SANTA BARBARA, CA, – Retired General Merrill McPeak, a member of the Joint Chiefs of Staff when Clinton formulated the “don’t ask, don’t tell” policy on gays in the military in 1993, has urged Barack Obama to maintain that policy when he becomes president. But researchers at the Palm Center at the University of California, Santa Barbara, say McPeak, a military adviser to Obama, has acknowledged that his views on gays and women in the military are rooted in personal, unsubstantiated beliefs, which he holds even when they conflict with the needs of the military.

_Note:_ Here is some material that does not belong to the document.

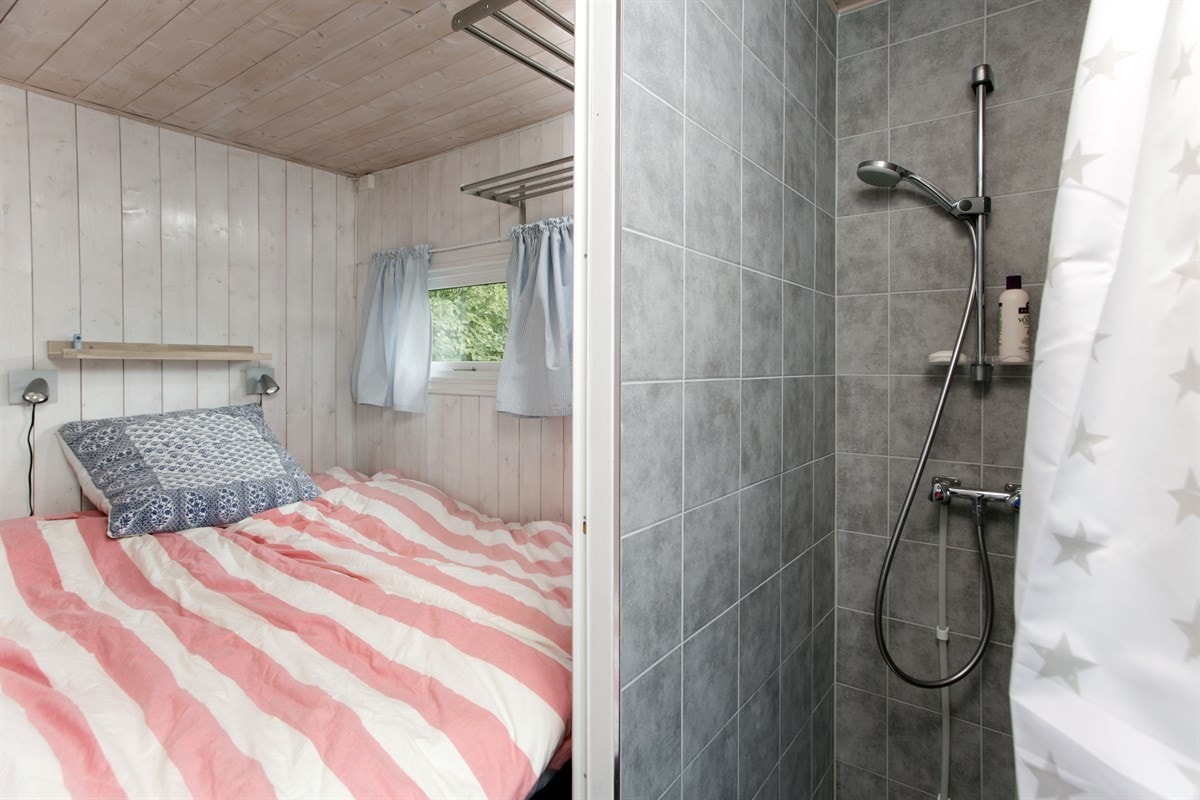 Sovealkoven med dusjhjørnet. Galleribilde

McPeak said last month that he and the current service leaders did not share the values of tolerance that would be required to make the change work. To lift the ban on open gays, he said, “the service leadership will have to go to the gay and lesbian annual ball and lead the first dance,” something he is not willing to do. “I couldn’t see how I could become an advocate for open homosexuality in Air Force combat units.”
In 1991 and 1992, McPeak used much the same explanation to oppose women in combat, saying in a string of talks with lawmakers that he had “personal prejudices” against expanding combat roles for women, “even though logic tells us” that women can conduct combat operations just as well as men. He told Congress then that he would choose an inferior male flight instructor over a superior female one even if it made for a “militarily less effective situation.” “I admit it doesn’t make much sense,” he said, “but that’s the way I feel about it.” Elsewhere he repeated that his position did not meet “strict evidence standards for logic,” but that that did not raise doubts in him about his position.

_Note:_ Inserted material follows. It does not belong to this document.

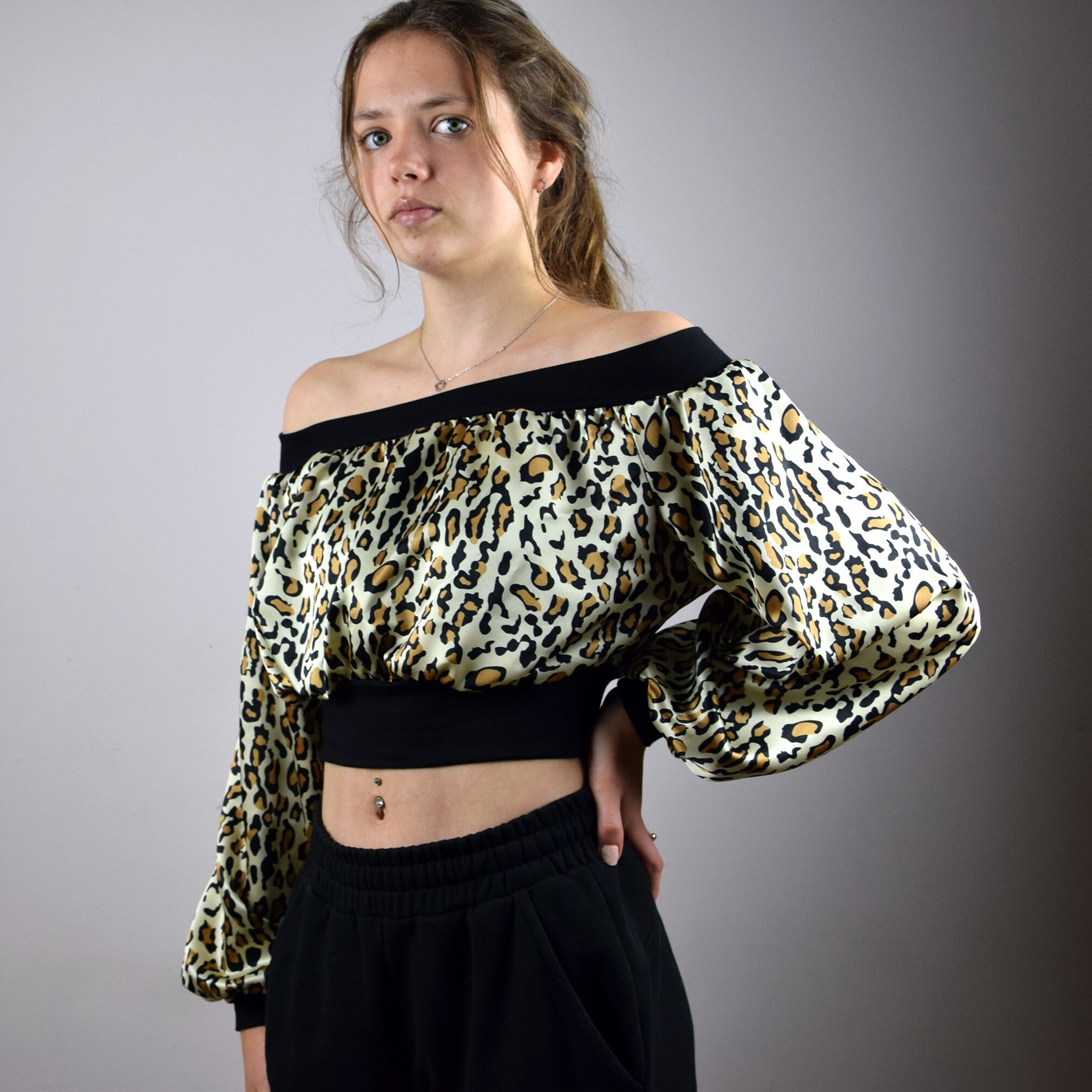 Leopard Print Cropped Top Long Sleeved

Aaron Belkin, professor of political science and director of the Palm Center at University of California, Santa Barbara, said the comments were a frank acknowledgement of how views on military personnel issues are often shaped by emotion rather than fact. “This kind of resistance to modernization is so often about prejudice, and not about military readiness,” Belkin said. “What’s notable about McPeak’s case, though, is how willingly he accepts degrading readiness as a tolerable price for indulging prejudice.”

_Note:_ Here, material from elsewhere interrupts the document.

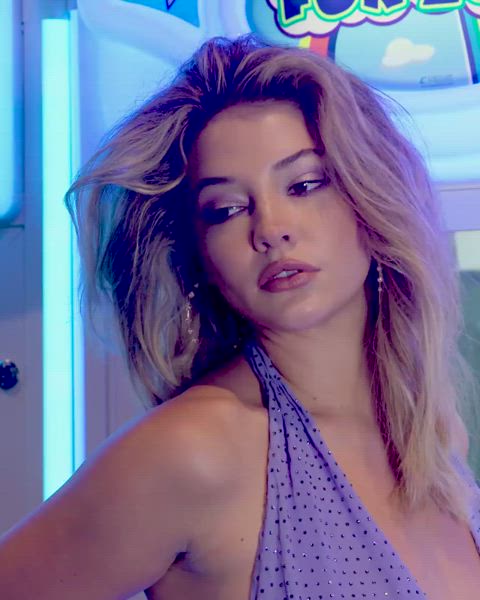 actress american sexy clip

Brigadier General Evelyn Foote, who sat on a military Advisory Council to the Obama campaign, attended one of the 1992 Congressional hearings in which McPeak said he would choose a less qualified male over a more qualified female. Foote, who was also an adviser to the military’s Defense Advisory Committee on Women in the Services, said McPeak was not capable of dealing well with diversity issues in the military and that the president-elect deserves better advisers than someone who cannot transcend his own personal limitations. “I would have a very difficult time trusting someone like McPeak with any advice he gave to Obama,” she said. “There are far better people to advise him than this man.”
Other former members of the Joint Chiefs of Staff share McPeak’s history of personal animosity to women and gays in combat, including General Carl Mundy, former Commandant of the Marine Corps. Mundy was one of the most outspoken opponents of gay service in 1993 and distributed a salacious anti-gay video to other military leaders. His position was largely rooted in religious opposition to homosexuality. In 1992, he said that women were not well-suited for combat and “I do not believe the American people want them suited” because combat is “debasing” and is “something that I would not want to see women involved in.”